Minister of Veterans Affairs
- In office 18 December 2020 – 7 February 2024
- President: Volodymyr Zelenskyy
- Prime Minister: Denys Shmyhal
- Preceded by: Serhiy Bessarab
- Succeeded by: Natalia Kalmykova

Personal details
- Born: 1967 (age 58–59) Kyiv, Ukrainian SSR, Soviet Union (now Ukraine)
- Party: Independent

= Yulia Laputina =

Ukrainian politician

Yulia Anatoliyivna Laputina (Юлія Анатоліївна Лапутіна, /uk/; born 1967) is a Ukrainian politician who has served as Minister of Veterans Affairs of Ukraine in the Shmyhal Government since December 2020.

==Career==
In 1988, Laputina graduated from the National University of Ukraine on Physical Education and Sport with a teacher and trainer diploma. In 1996, she graduated in law from the National Academy of the Security Service of Ukraine in Kyiv. She obtained the degree of candidate of sciences in the field of psychology. She was a researcher at one of the research institutes, in 1992 she became an officer of the Security Service of Ukraine. She held managerial positions in the SBU structure, she was responsible, inter alia, counterintelligence. During the war in Donbas, she led a task force for the service within the ATO (anti-terrorist operation).

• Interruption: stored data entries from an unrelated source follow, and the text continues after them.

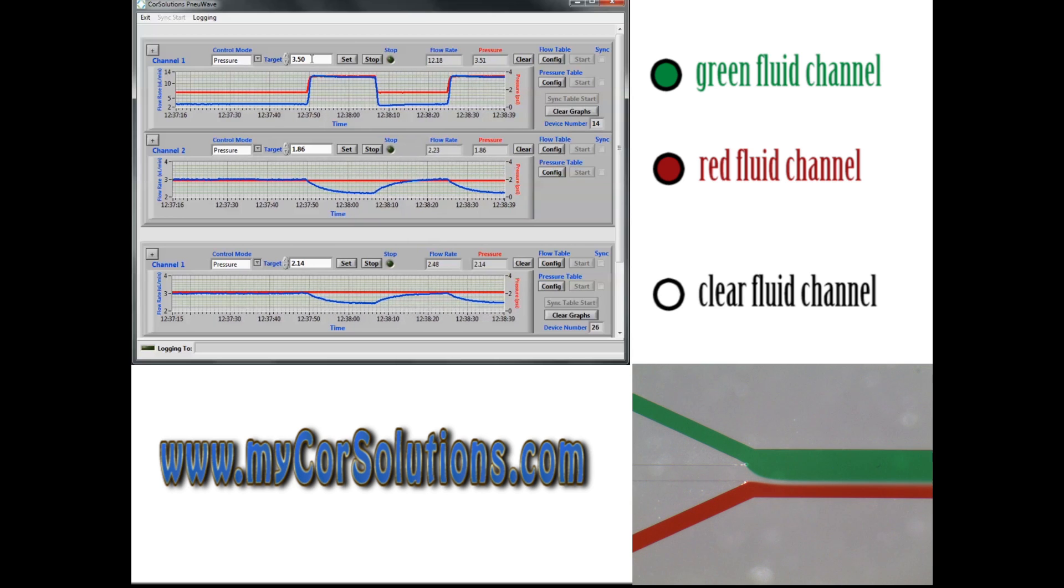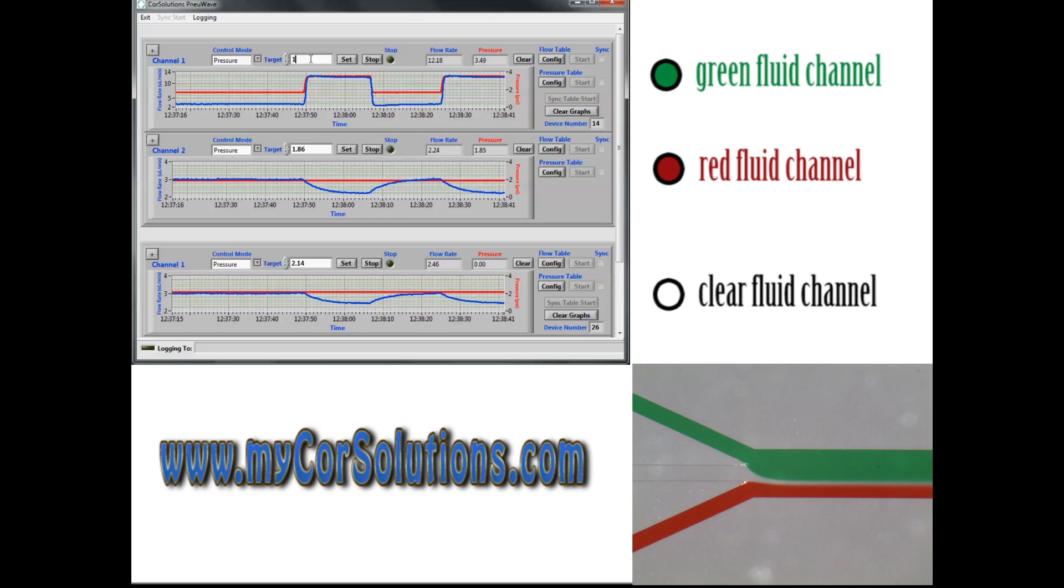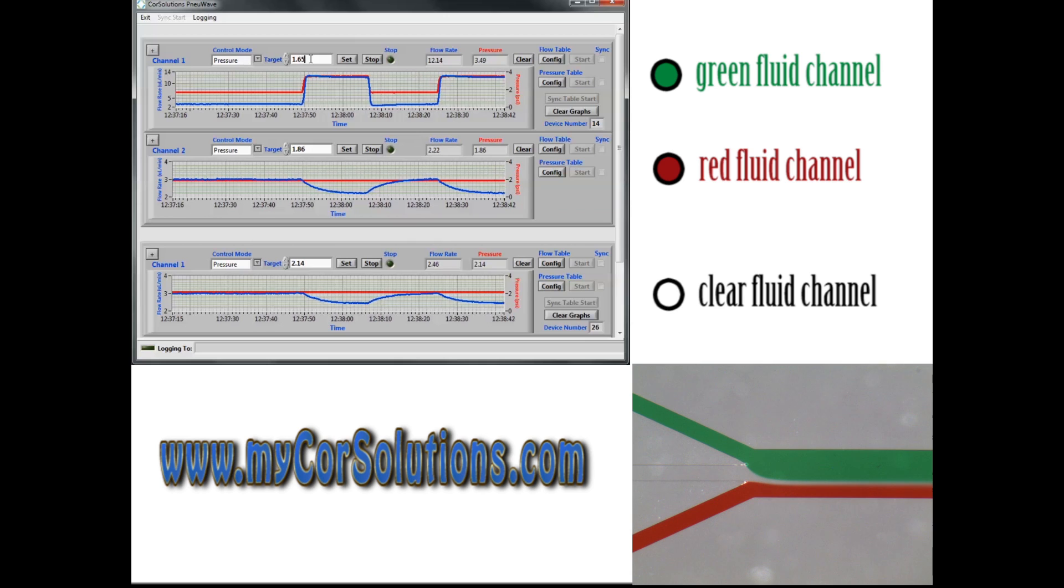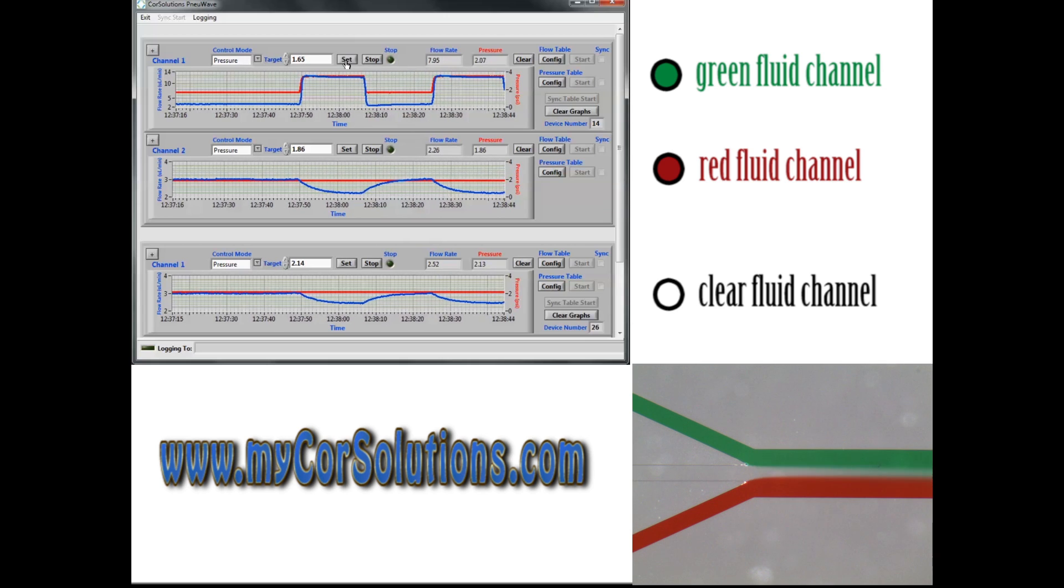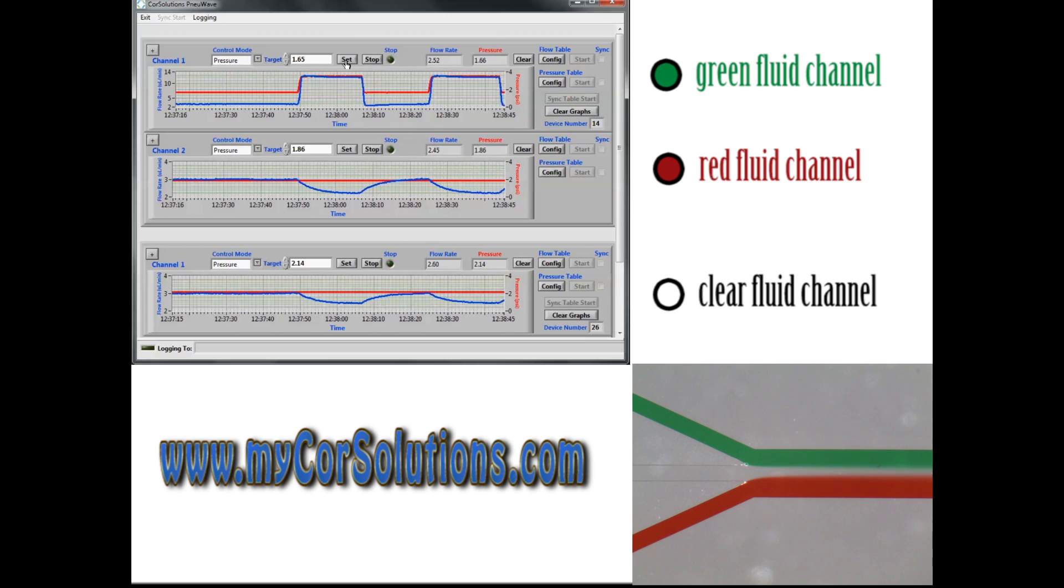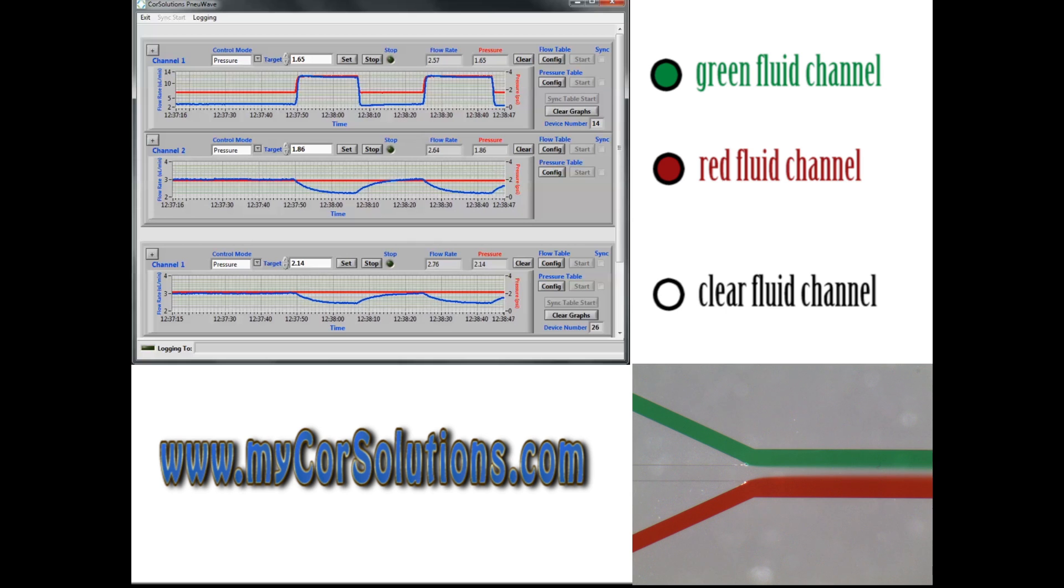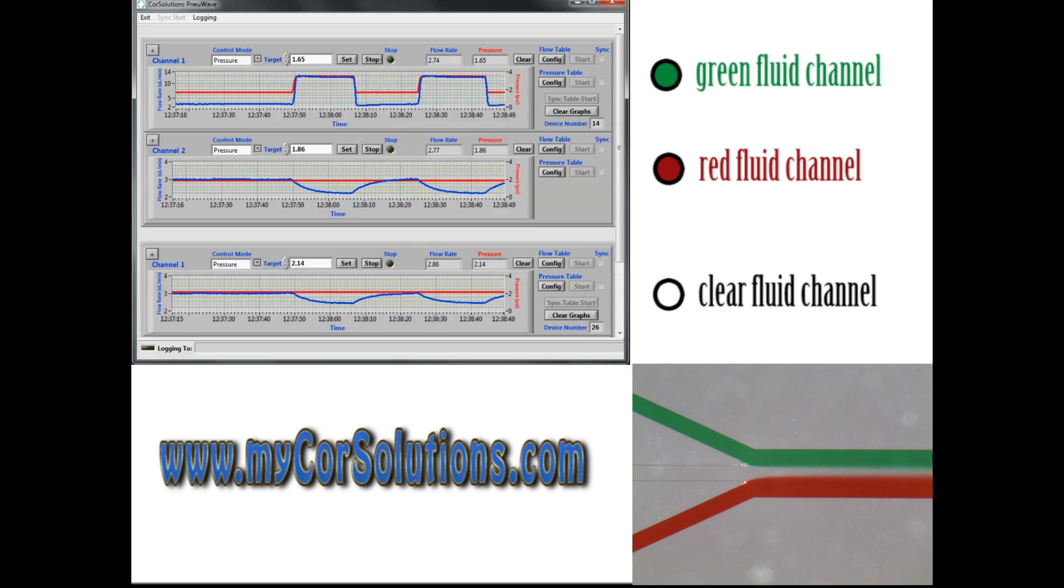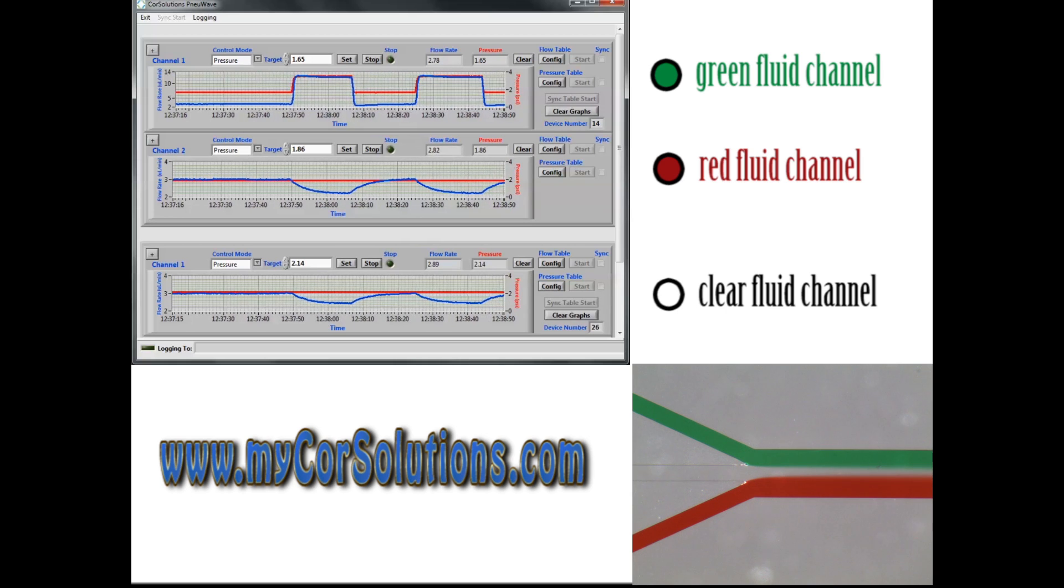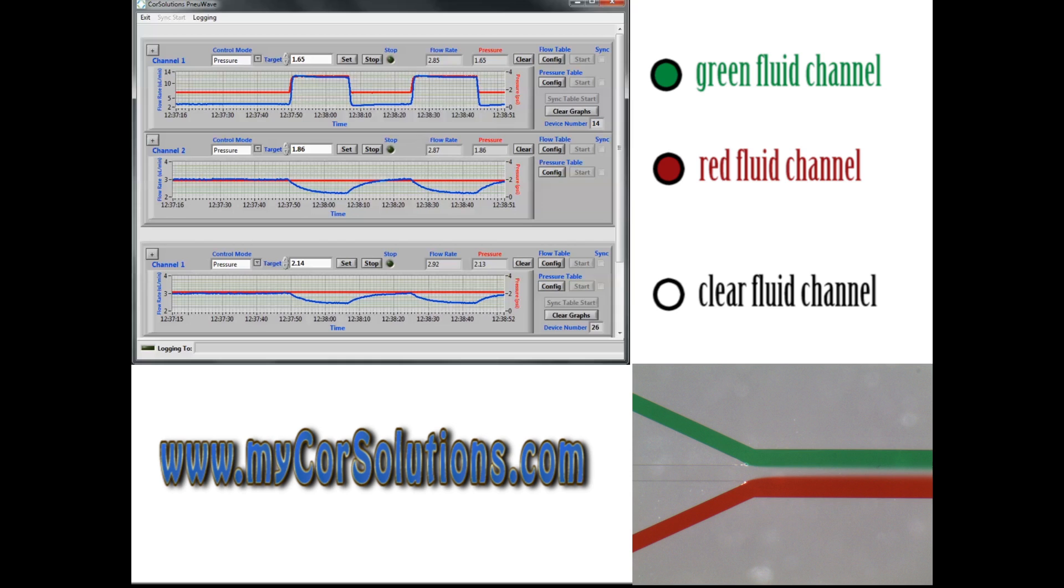The pressure set point of the green liquid is then returned to the starting value, allowing all three flow rates to return to their own starting values. The experiment is then repeated, and once again the flow rates in the red and clear channels unexpectedly decrease.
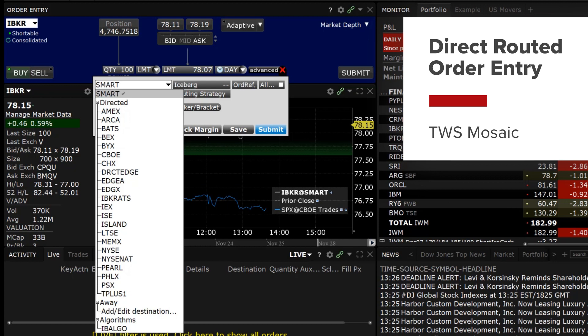Interactive Brokers Trader Workstation or TWS Mosaic allows an IBKR Pro client to use IBKR's smart routing or route an order directly to a specific exchange. This video explains how the investor can select the individual exchange to route an order to.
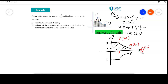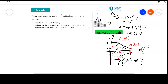We're actually looking at the solid generated by rotating the shaded region. We want to calculate this volume. For part (b), we want to calculate this volume.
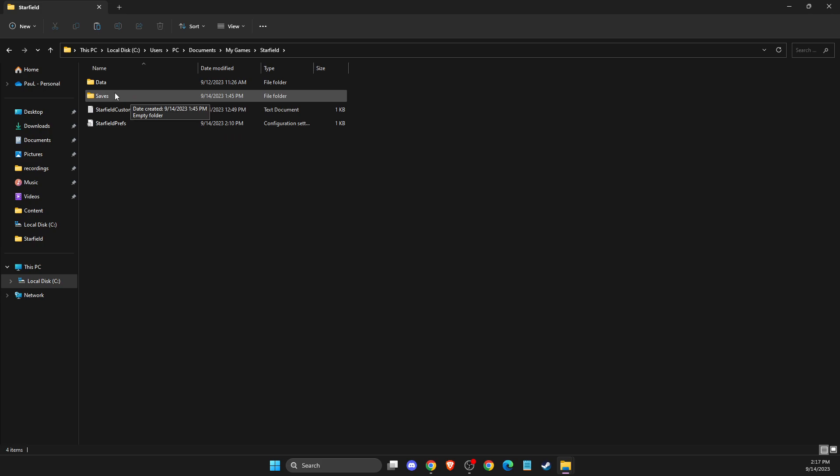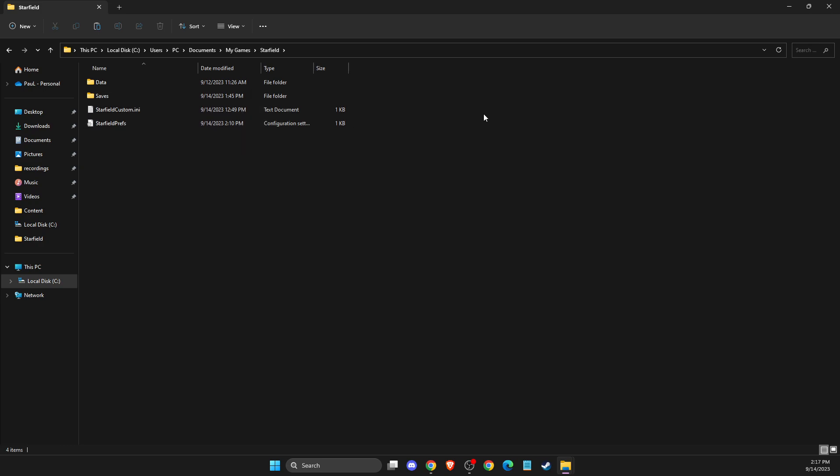And that's pretty much it - that's what you need to do to find your save game files and config files in Starfield. So if I helped you out, please press the like button and subscribe for more. Take care, bye.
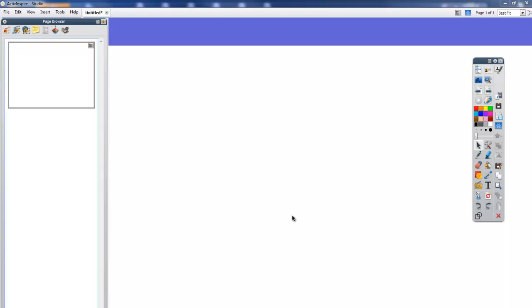Hello, this is Danny from the Whiteboard Blog. In this quick tutorial I want to talk about the screen capture tool which you find in Active Inspire.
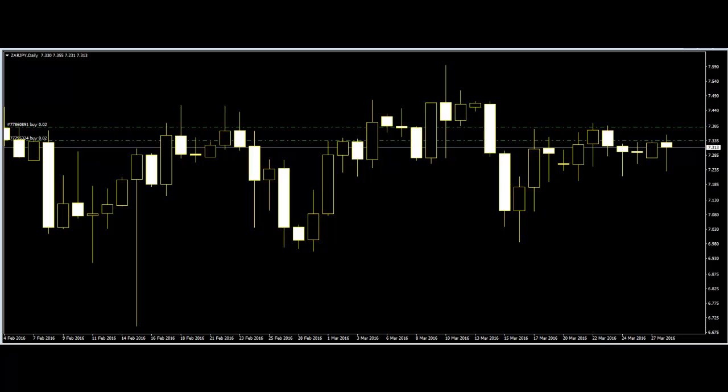Trend lines are very helpful in determining current trends when it comes to forex trading. The trend lines show the direction — uptrend or downtrend — and the strength of the current trend.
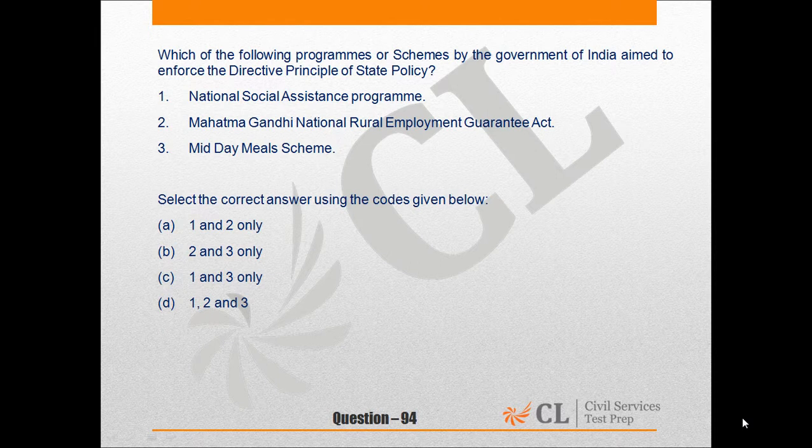Question number 94. This question is from the polity section. It asks: which of the following programs or schemes by the government of India are aimed to enforce the directive principles of state policy?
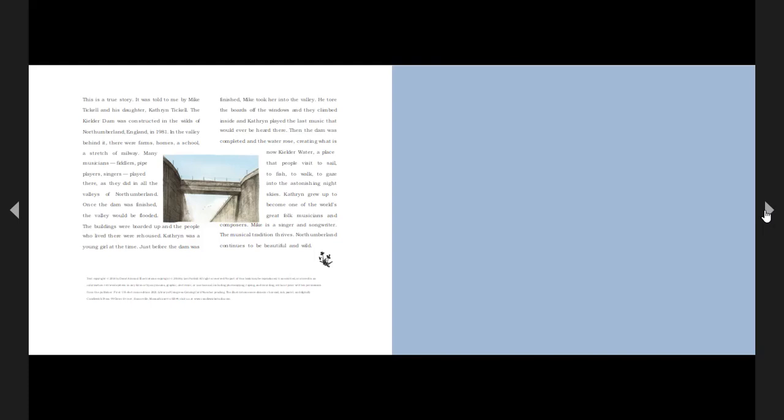Catherine was a young girl at the time. Just before the dam was finished, Mike took her into the valley. He tore the boards off the windows, and they climbed inside, and Catherine played the last music that would ever be heard there.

In March 2020, Laputina was promoted to the rank of major general of the SBU. In the same year, she retired from service, and later served as the director general in the communication and information policy directorate of the Ministry of Reintegration of Temporarily Occupied Territories. In December 2020, she was Minister for Veterans Affairs in the government of Denys Shmyhal.

==Personal life==
Laputina's husband also works in the Security Service of Ukraine. They have two daughters.